Days turned into months and I got married. My father-in-law got a transportation business and my husband Rahul, is a custom officer. They earn more than enough for the family. There was no need of any lady member of the family to go out for any job. But it was not about having a job. It was all about my career, identity and existence. I did my M.A. in geology not just to cook food. I couldn’t  be like my mother-in-law, who sacrificed her teaching career as a geography teacher in KVs for the family. Days passed by and the urge to build my career made me impatient. My daily household work was monotonous to me.
[Most of the women after marriage get so busy in learning the house-hold works, adapting the family customs, updating the knowledge about their husband and in-laws choices, they keep forgetting their dreams]


I
t was Saturday night.
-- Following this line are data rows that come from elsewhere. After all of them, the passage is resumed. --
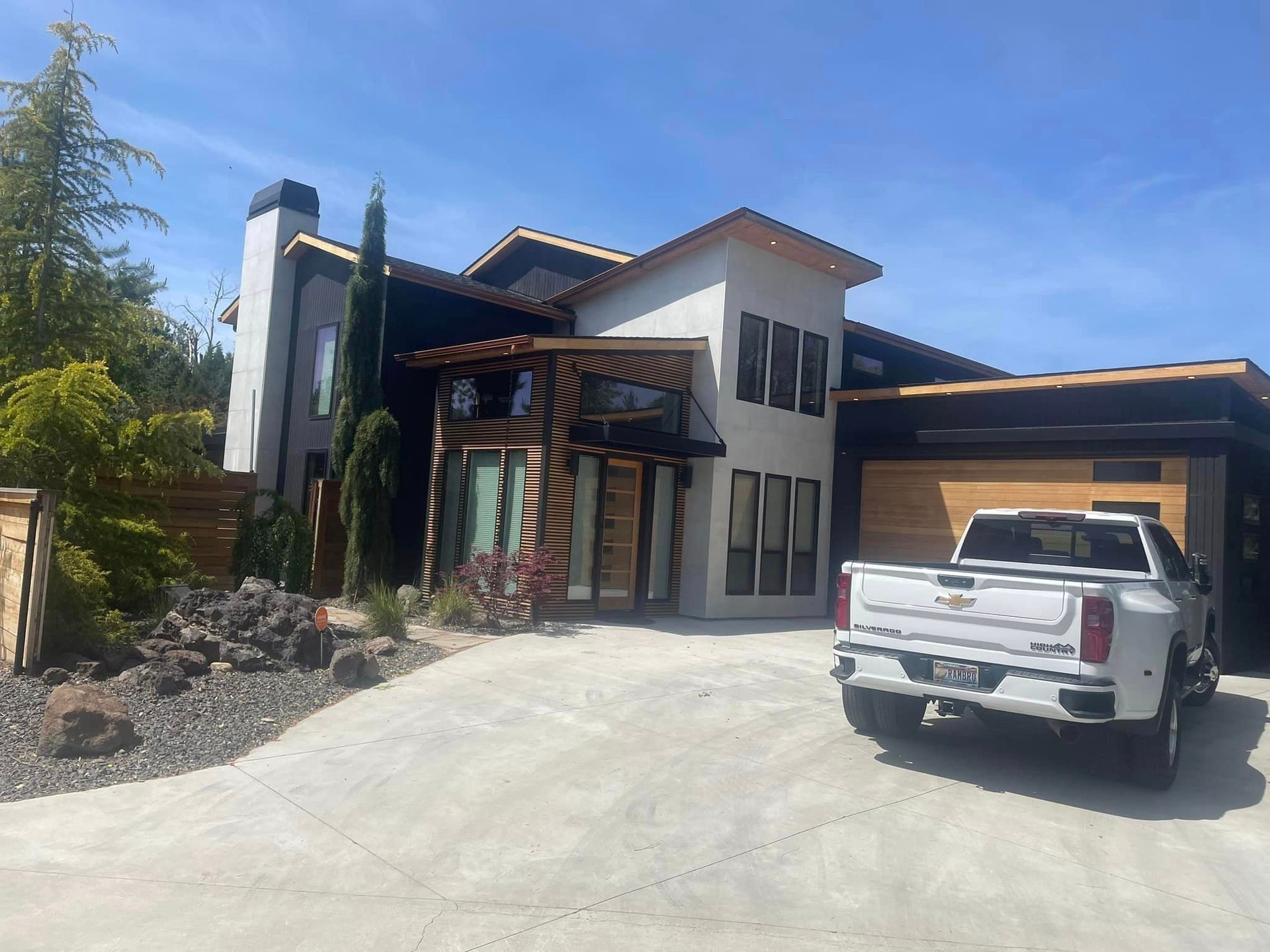 Elite Seamless Rain Gutter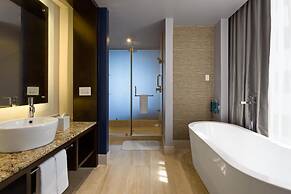 Hilton Panama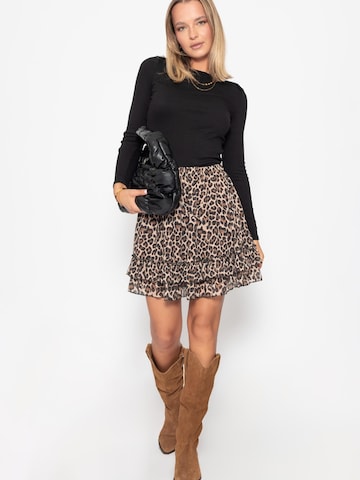 Maglietta di SASSYCLASSY in nero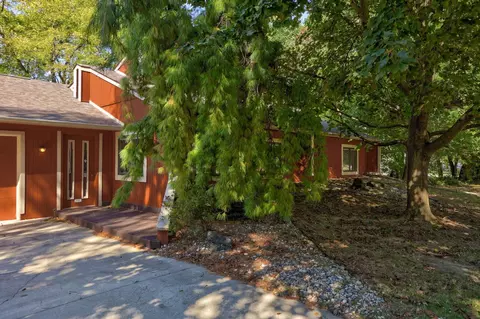 111 Loomis, Clio, MI 48420 photo 3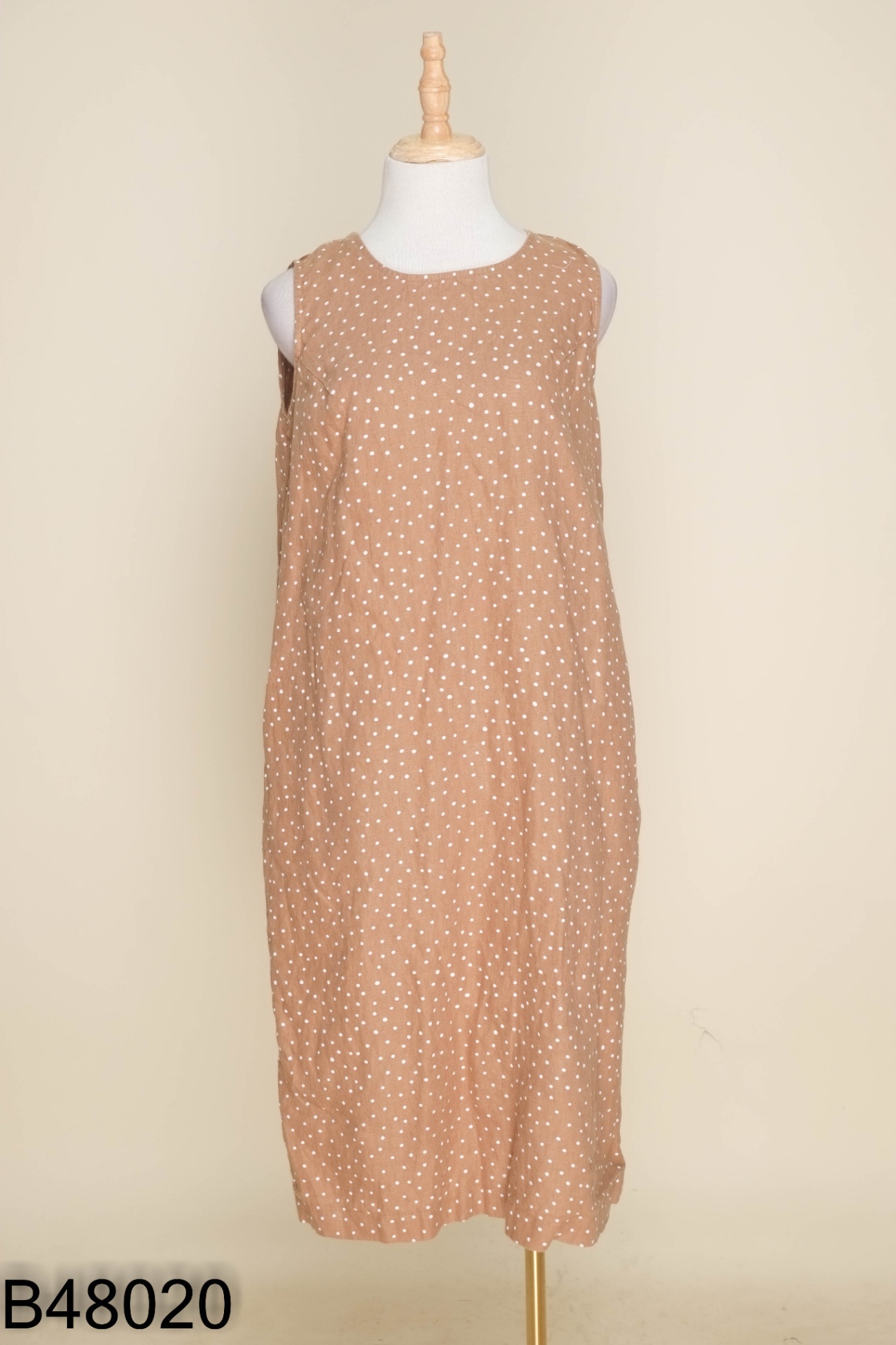 Váy linen nâu KANA chấm bi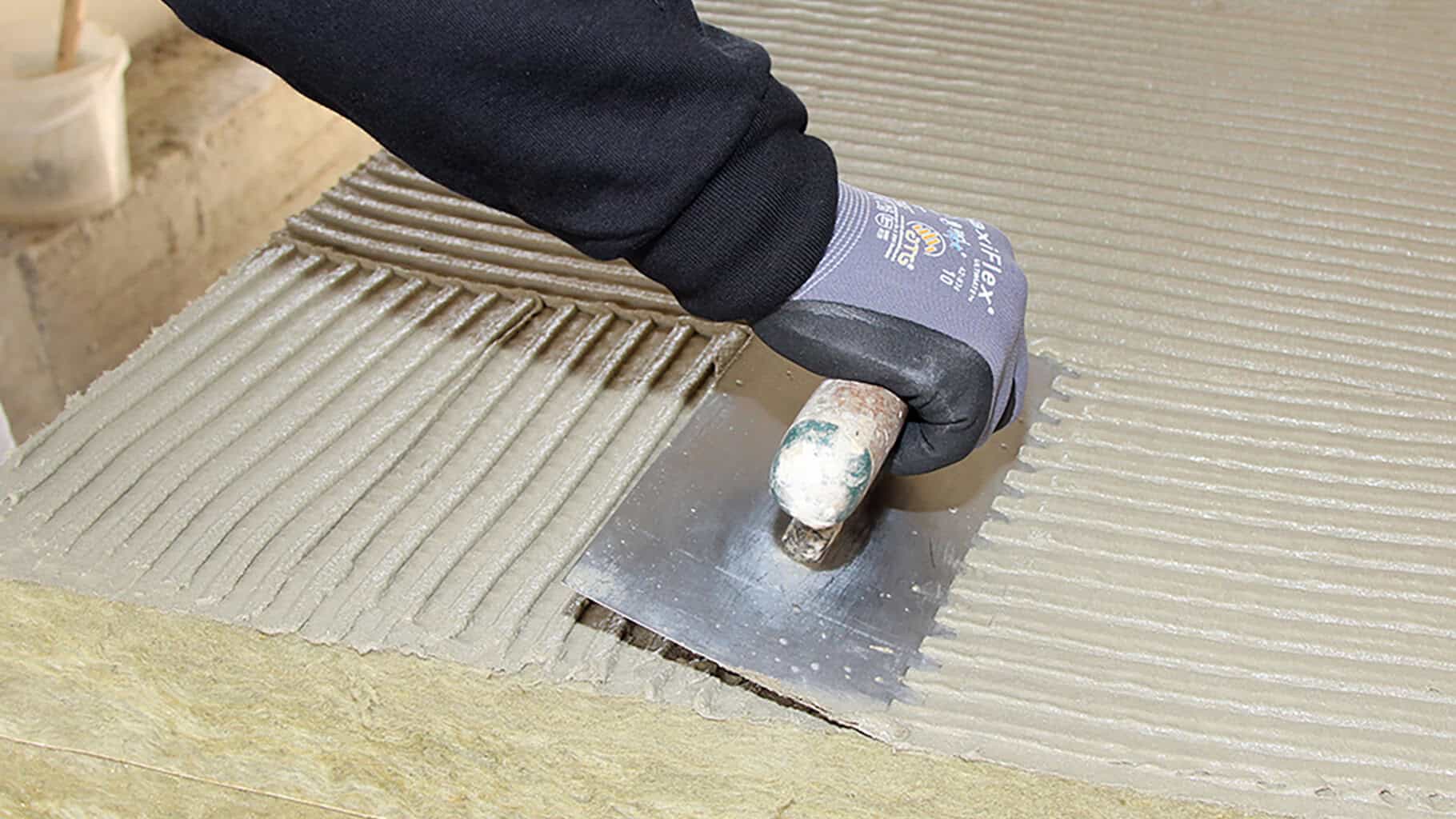 Die Steinwolle-Dämmplatten werden mit Klebemörtel an der Decke montiert, häufig sogar ohne zu dübeln. © Heck Wall Systems
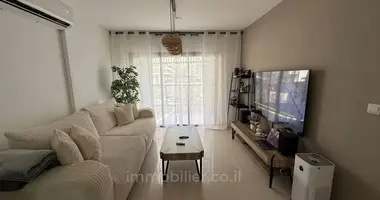 3 room apartment in Ashkelon, Israel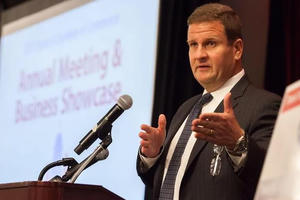 Tỷ phú Mỹ xây dựng đế chế trên nền tảng công nghệ 150 tuổi: "Thành công khi chịu lắng nghe ý tưởng và sống kỷ luật"  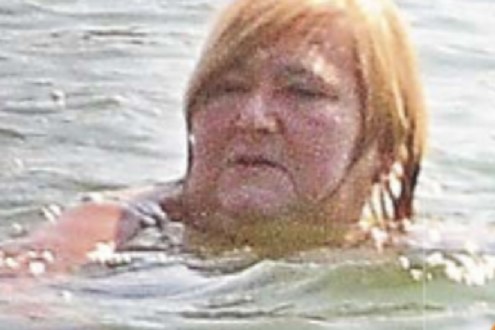 Anna Komorowska pływająca w jeziorze/ Źródło: Super Express /Super Express /Super Express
My mother-in-law was teaching me how to cook chicken razzela. She was giving me tips how to manage the house. I suddenly popped the question to her, "Majhi, in all these years, you never felt to build your career?" She became stunt and after few seconds looked at me. Her eyes said everything. But that day it was like nobody can stop me to speak out my feelings. I said, "I want to build my career. I got an offer of project assistant in GSI. They will be paying me 12000/- per month. Can I do it?" She was silent. I completed marinating the chicken and kept it aside. She told me to leave it for the night. We all had our dinner. She asked me to bring the desert. I was alone in the kitchen with questions pumping into my head. Would I be allowed to pursue my career? Was she upset with me? Did every woman have to scarify their dreams after marriage? Was there no professional future for any women? I served the desert. Suddenly my father-in-law stood up and hugged me. I stood there confused. With a smiling face he said, "Beta you are like a daughter to us. You can do whatever you like. Go ahead and build your career, we all are there with you." I was overwhelmed. Tears rolled down from my ears. I didn’t know what she had said or how she did it, but I was really happy.
[An educated woman, as an in-law in a family, plays a vital role. They can understand the urge, to build a career, by the young female members of the family. It leads to women empowerment in India]

I went to sleep and waited for the morning. I prayed and thanked to god in whatever possible ways. I knew it would be hard for me to manage both my family and work, but it was not impossible. I felt blessed to have such in-laws as I know a lot of women have to sacrifice their dreams after marriage. In this male dominated world it was always tough for a married woman to go ahead with their career. Different responsibilities come upon them. It takes years to adjust and get accustomed with the in-laws. And, with these years passing by their dreams fades too. These thoughts kept buzzing in my head and I didn't know when I was asleep.